The law in this area is clear.

“In general, rescission of a contract is permitted for the repudiation of the contract or any essential part of it.

Where one party to a contract repudiates its obligations thereunder, the other party may elect to treat the contract as terminated.

The theory is that where one party renounces a contract without cause before the time for performing it has elapsed, the party authorizes the other party to treat it as terminated”  (22A NY Jur., Contracts §513 [2013]).

Plaintiff’s exhibit 12 is a transcript of a portion of an Examination Before Trial where Ms. Rouse admits that she loaned out hay wagons to others without Mr. Carter’s assent and that she sold the conveyor.  In doing so, she testified that she “had considered that our contract was null and void as far as selling the equipment, sharing the equipment with anyone else” (Plaintiff’s Exhibit 12 p. 27).  At trial, Ms. Rouse reaffirmed that she “thought the restriction on sale was null and void” and stated the reason as:

“I had moved out of the house I was no longer living there, [and] there was an agreement on there [the contract] that he remain civilized to me which he had not, there’s also agreements that he would continue to share the shop and his Dodge pickup with me which he had ceased to do that long, long before.  I felt he had broken the terms of the sharing agreement and that there was no more sharing, and I actually owned the equipment.”  (TT 06/10.2013. p. 53).

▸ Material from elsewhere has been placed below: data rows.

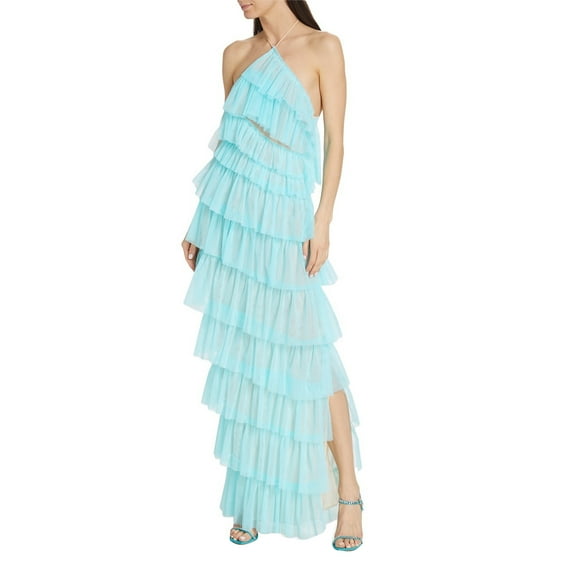 Musuos Women Solid Color Sleeveless Backless Layered Ruffle Mesh Party Dress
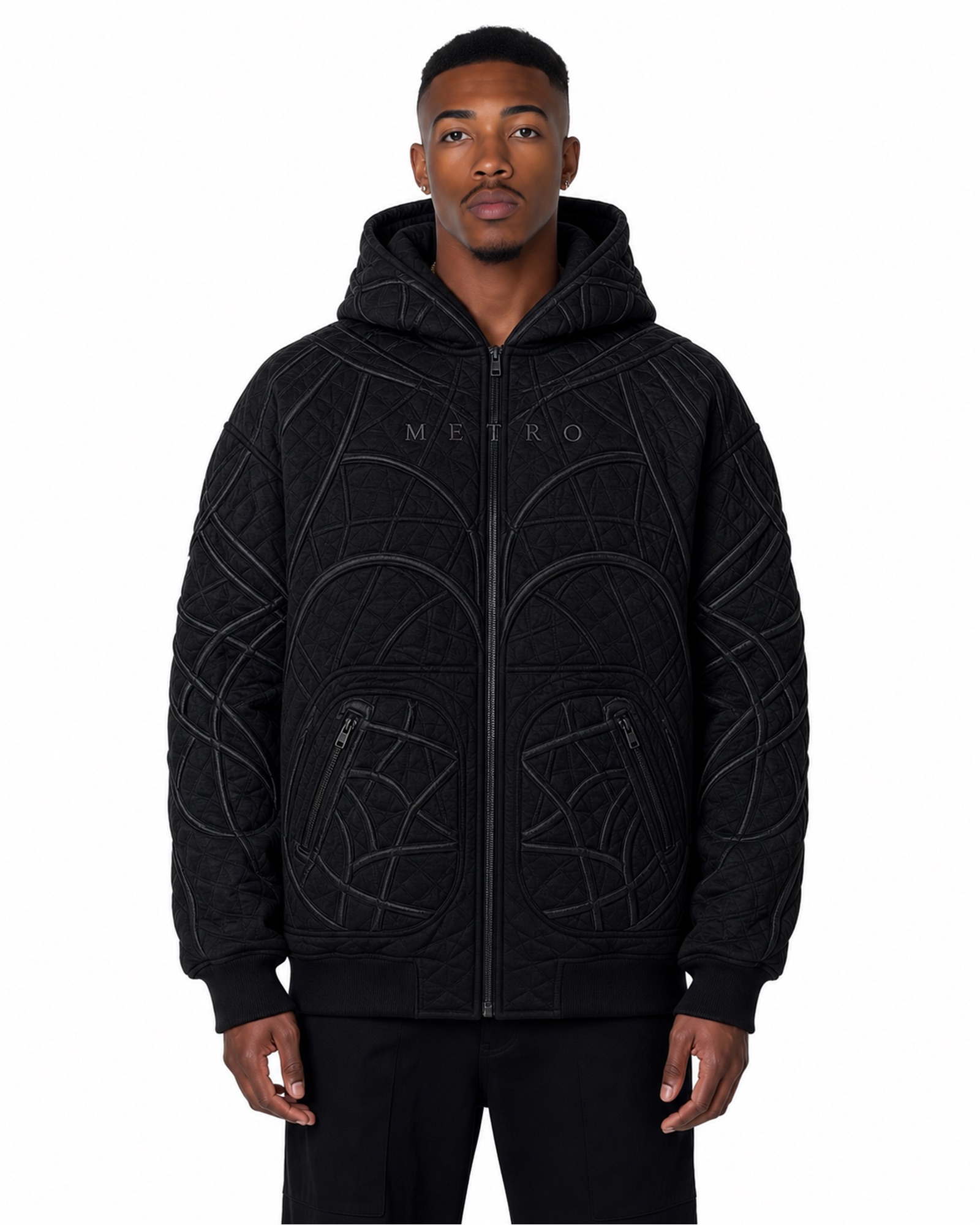 METRO Black Orbit Quilted Parka front product view on a white background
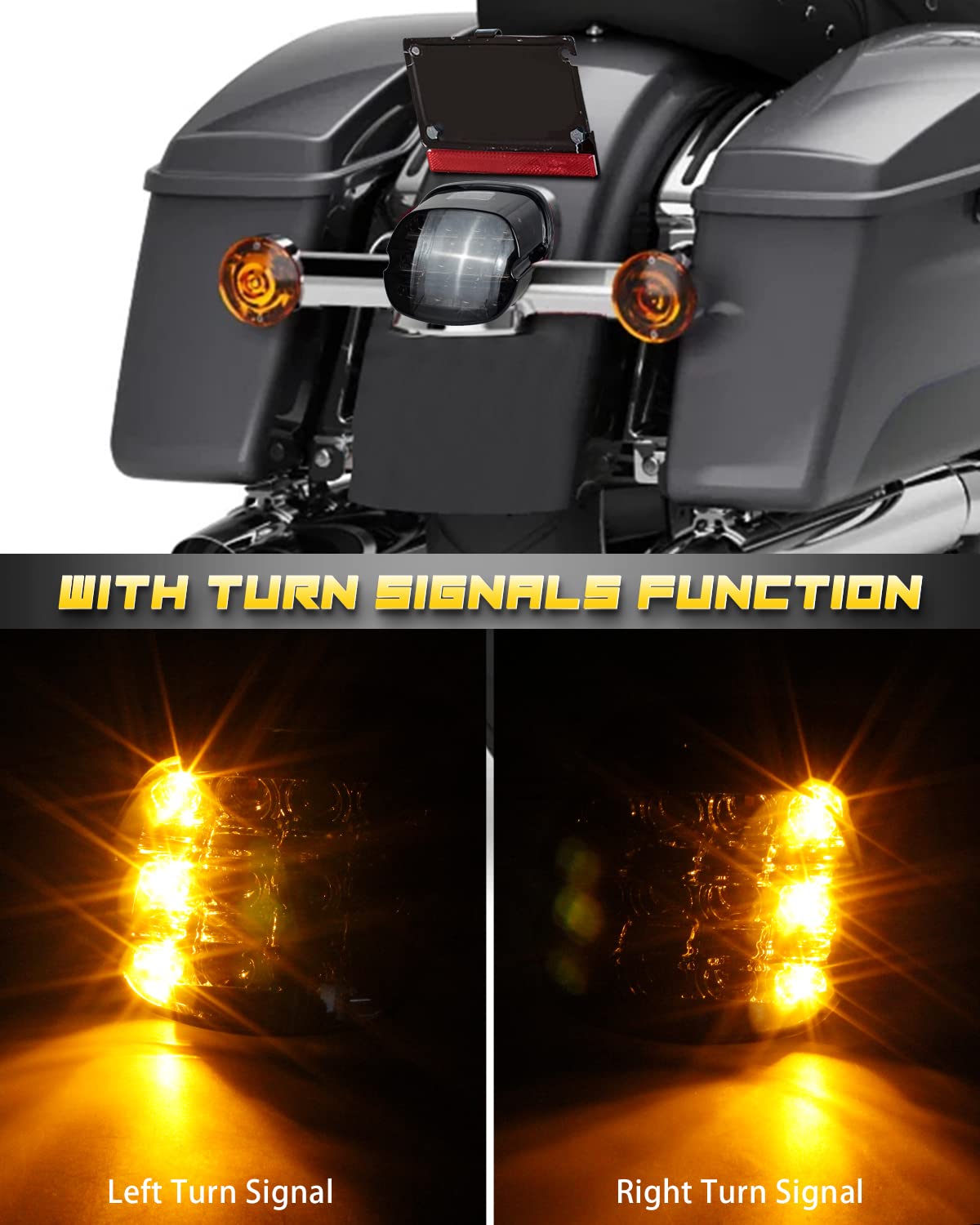 Nthreeauto Smoked Led Rear Brake Tail Light Integrated Turn Signals Taillights Compatible With Harley Dyna Road King Electra Gli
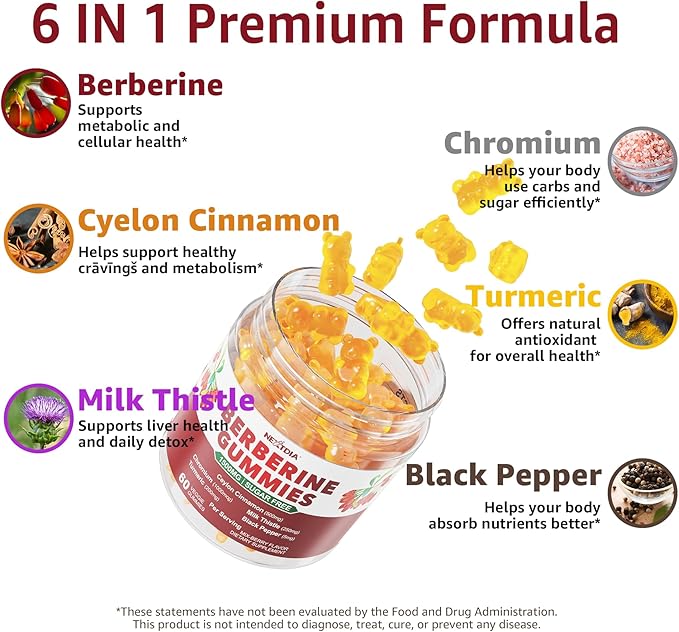 Berberine Gummies Supplement 1500mg, Natural GLP-1 Support + Ceylon Cinnamon, Chromium, Milk Thistle, Turmeric, AMPK Activator for Women & Men, Berberine HCl from Indian Barberry, Sugar Free, 60 Count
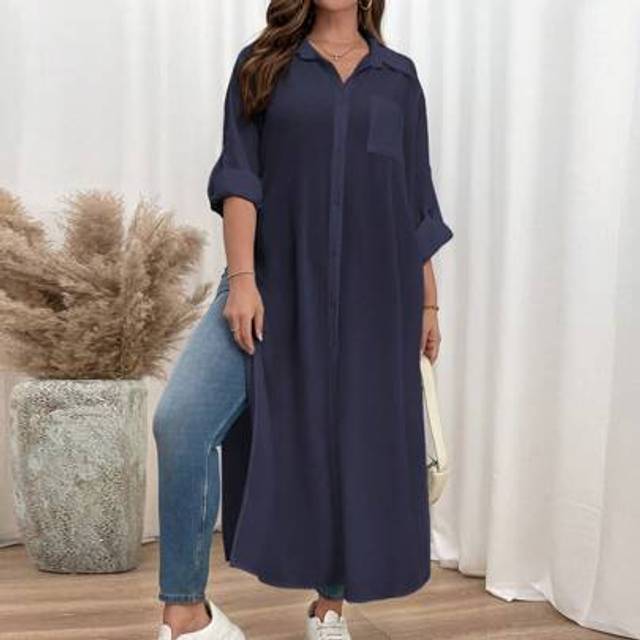 SHEIN Plus Size Fall Shirt Dress, Long Sleeve Shirt Long Dress, White Dress,Summer Dress Women Dresses ,Blouse Fall Women Outfits Women Robes,Tall Women Bus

If Ms. Rouse took the position that Mr. Carter was the first party to breach or repudiate the contract, her remedy was to seek its enforcement.  It did not give her the license to also repudiate her obligations under the contract, but retain the benefits thereof, i.e. ownership of the enumerated equipment.  By repudiating her obligation to share the equipment subject to each party’s right of ownership if he or she survived the other, she relinquished here claim of ownership of the equipment, but, of course, only so far as it may be based upon the contract.  The effect – so far as this litigation is concerned – is to eliminate the September 18, 2009, agreement as dispositive instrument so far as ownership of the disputed property is concerned.  Id. at 5-6.

And the conclusion of the Court:

Based upon the record, the Court concludes that Mr. Carter has established his individual title and ownership of the Vermeer Tedder, the Bush Hog Mower, the Massey Tractor, two hay wagons and the Cutditioner.  Declaratory relief to that effect is granted, together with direction that those items be returned to Mr. Carter.  Regarding the remaining items, the burden of proof was on Mr. Carter to establish his claim of ownership.  The Court does not find that he did so by a preponderance of evidence.  This, of course, does not mean that Ms. Rouse is the sole owner, but indicates to the Court that the parties are joint or co-owners of the remaining disputed property.  Id. at 6.

Not every case in our Court system is reflected by the decisions regularly reported in the legal press – addressing, for example, disputes involving CDOs, cross-border conflicts, massive toxic torts and class actions of all flavors.  The Courts also exist to adjudicate, and routinely determine, claims by ordinary people in the regular course of their lives that are of profound importance to the litigants.